Despite the wishes of student government officials who want to tap into the unspent funds, the Senate can only allocate around $1.1 million to student organizations this year. It is likely that only a minority of that money will actually be spent due to what Logan Grodsky, the undergraduate student body treasurer, called “a labyrinthine process” for reimbursement.
According to calculations by Grodsky, only 37.53 percent of funds appropriated in the last school year were spent. Partially, this could be because organizations spend less than requested due to canceling events or finding cheaper versions of the needed items.
Andrew Richards, chairperson of the finance committee for most of the 2021-22 school year, and Deniz Erdal, the current chairperson, fear that much of the gap is because the process for reimbursement is difficult and organizations end up eating the expenses themselves.

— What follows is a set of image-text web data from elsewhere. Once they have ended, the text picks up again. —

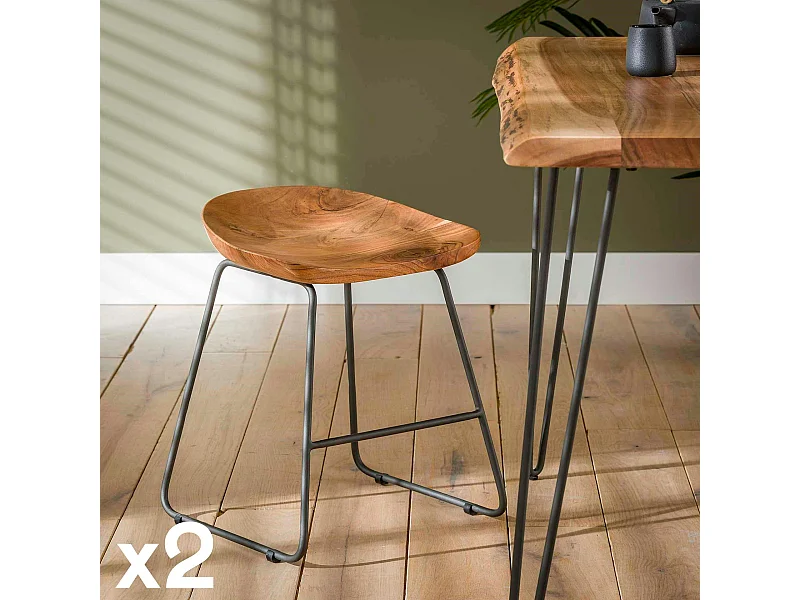 Tabouret bas bois d'acacia (lot de 2) MELBOURNE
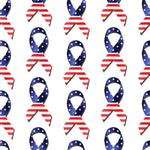 Patriotic Fabric, Red White and Blue Awareness Ribbons, Cotton or Fleece 7124 - Beautiful Quilt 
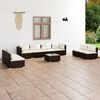 vidaXL Outdoor Lounge Set Brown, Cream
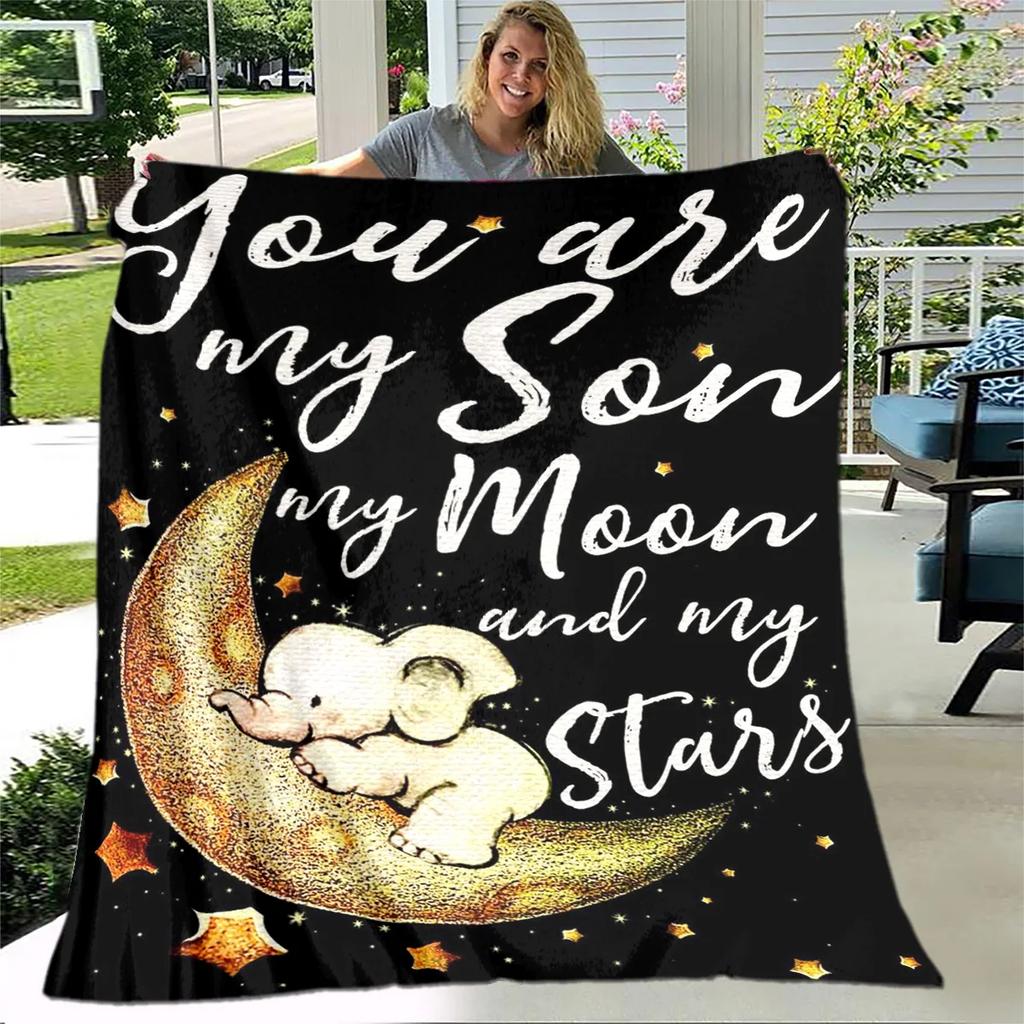 To My Daughter Son Letter Gift HD Blanket,Soft Throw Blanket for Home Bedroom Bed Sofa Picnic Travel Office Cover Blanket Kids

“The reimbursement-based process just does not work correctly. It is really, really bad,” Richards said.
Requests are sent to the student government controller and undergraduate student body treasurer but are often denied for small details, Richards said. The person requesting reimbursement cannot be the same person who made the purchase, and receipts are often found to be inadequate, he said. Except for some large expenditures, organizations have to spend their own funds upfront before being reimbursed.
“A lot of student organizations wanted to do things and got funding from Senate to do things, but didn’t end up being able to access the money," Richards said. "They’re all college students, no one has $1,300 lying around to maybe get back later."
Jamie Henze, the treasurer of the Kamikazi Dance Team, said that the process for requesting funds and reimbursement is “very tedious.”
“There's a lot of just going and searching and finding, and a lot of doing it completely by yourself and figuring it out, and not a lot of help,” Henze said.